Here I will include different types of recipes for you guys to choose from, one is described in details and one is quick. Enjoy!




Photos from both trainee places 



Recipe by MAGNUS ALBREKTSSON

5 thyme twigs
1 red onion
75 cl red wine
1 l reduced veal stock (see recipe and tips below)
salt-
about 25 g butter

1. The onion should not get any color; therefore you start with a cold saucepan. Put the onion in the saucepan and sauté (fry without it taking color) onion. This is done to pull out the rawness from the onion and bring out sweetness. Sauté until the onion is soft and collapses.
Add thyme; Tie the twigs together before they put in the saucepan and it will be easier to pick them up when they have done so. It works well with dried thyme as well.

3. Add the red wine. Reduce (boil) the wine until it is almost as syrup in consistency; The red wine should be caught on the onion as well. The wine that is left in the saucepan is now very acidic.

4. Add the stock. Simmer. Skim. If you neglected to skim the fund, it will show, and then you will skim away the fat. Allow the sauce to simmer for 10-15 minutes, until about half of the sauce remains. Strain the sauce through a chinoise (fine-meshed sieve). Waiting for longs to strain, it becomes harder to get the sauce through the silk as it becomes thicker in the consistency. The red onion has now released all its sweetness and all its flavors. Do not forget to press the last one out of the onion as well.

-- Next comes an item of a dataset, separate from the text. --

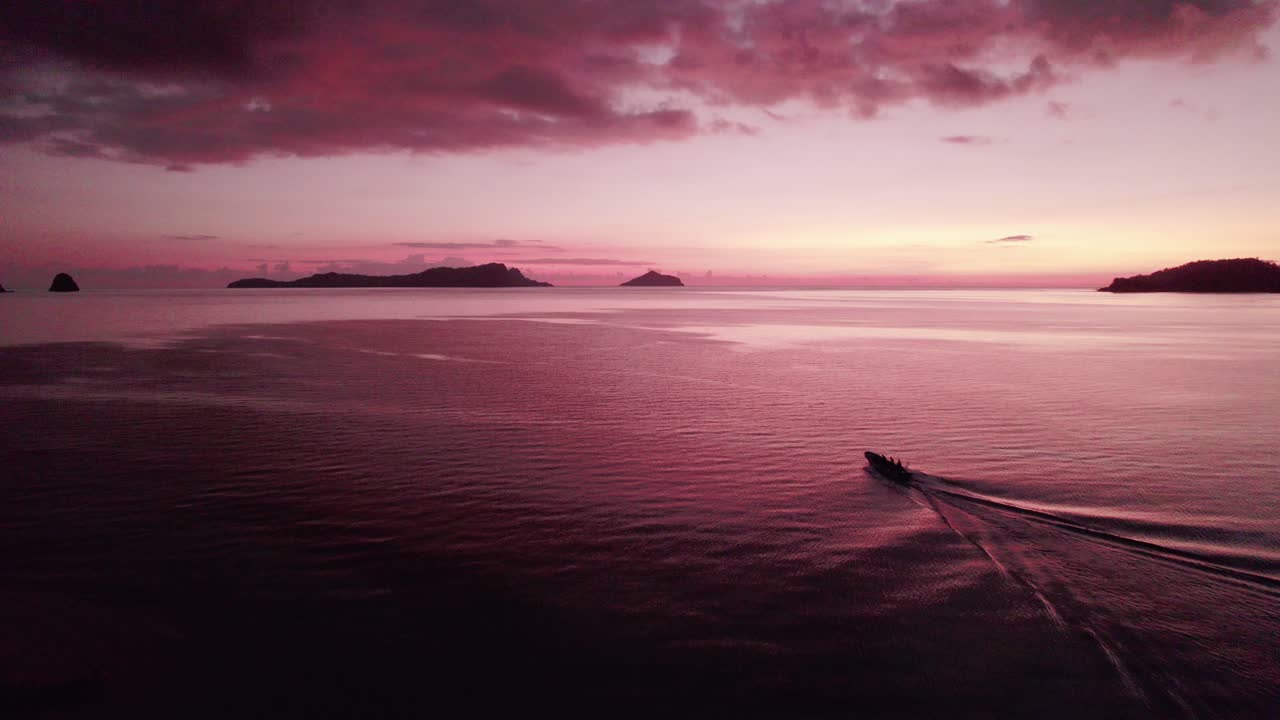 보트가 목적지 실루엣으로 가는 붉은 짙은 일몰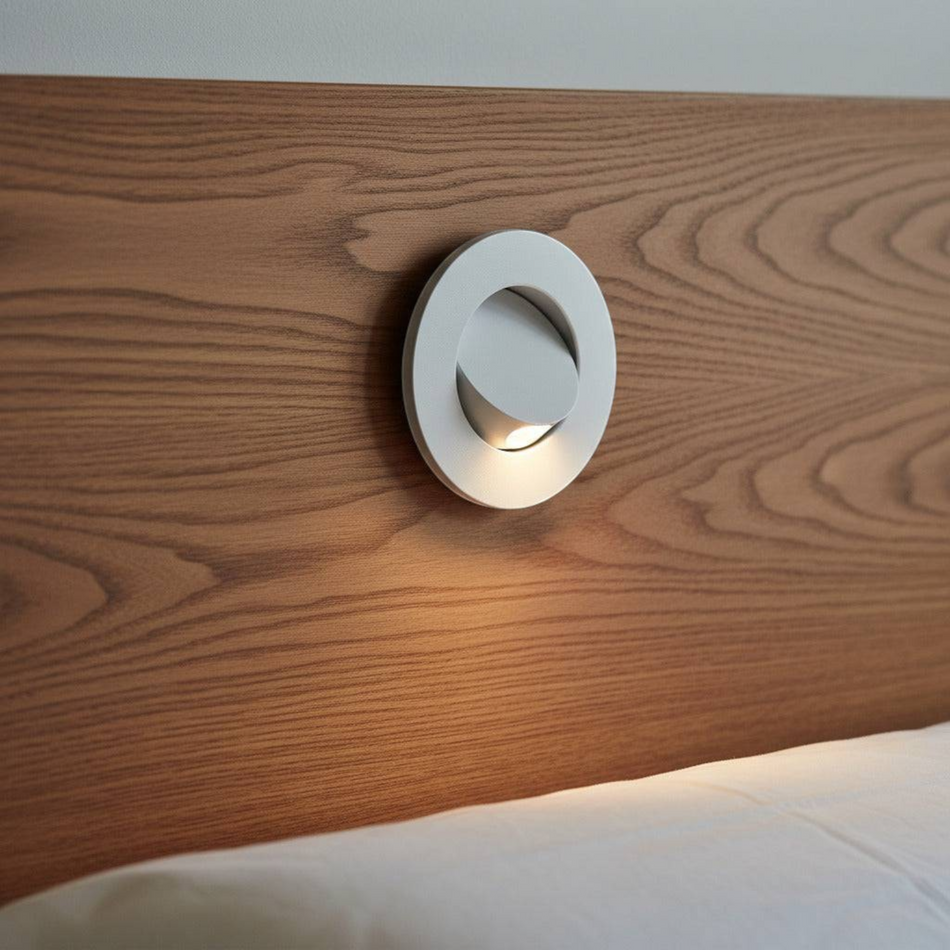 Ultra Beam Lighting Ltd white round recessed LED reading light installed in a wooden headboard with tilt switch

5. Now reduce the sauce to the desired consistency by simmering it, not boiling it. No rescue is needed, because the binder from the legs on which the stock is cooked gives a fine consistency on the sauce.

6. Now the sauce is shiny and almost black in color. All the flavors are left and the water is boiled off. The dark color comes from the fact that we used roasted tomato paste in the calf fund on which the sauce is based.

7. Now it's just the last left: to salt and mount in the butter. Always salt with your fingers. When salted enough, you get the feeling in your fingertips and they remember how much you usually salt.
The sauce must simmer when the butter is added, because if it is not sour, then the butter and the sauce will settle, and the butter will lay on top of the sauce. Stir in the butter in the sauce to work properly; this gives additional brightness to the sauce.



A quick Red wine sauce
Recipe by Bittersweet Taste of North
https://bittersweettastesofnorth.com/

8 dl of red wine

8 dl veal stock

2 shallots

2 sprigs of thyme

1 bay leaf

10 pcs black peppercorns

salt and sugar

butter

Mince the shallots and fry them in butter. Add the sprigs of thyme, the bay leaf and black peppercorns. Add the wine and cook until 2 dl remain. Add the veal stock and boil until 4 dl remain. Strain the sauce. Season the sauce with salt and sugar.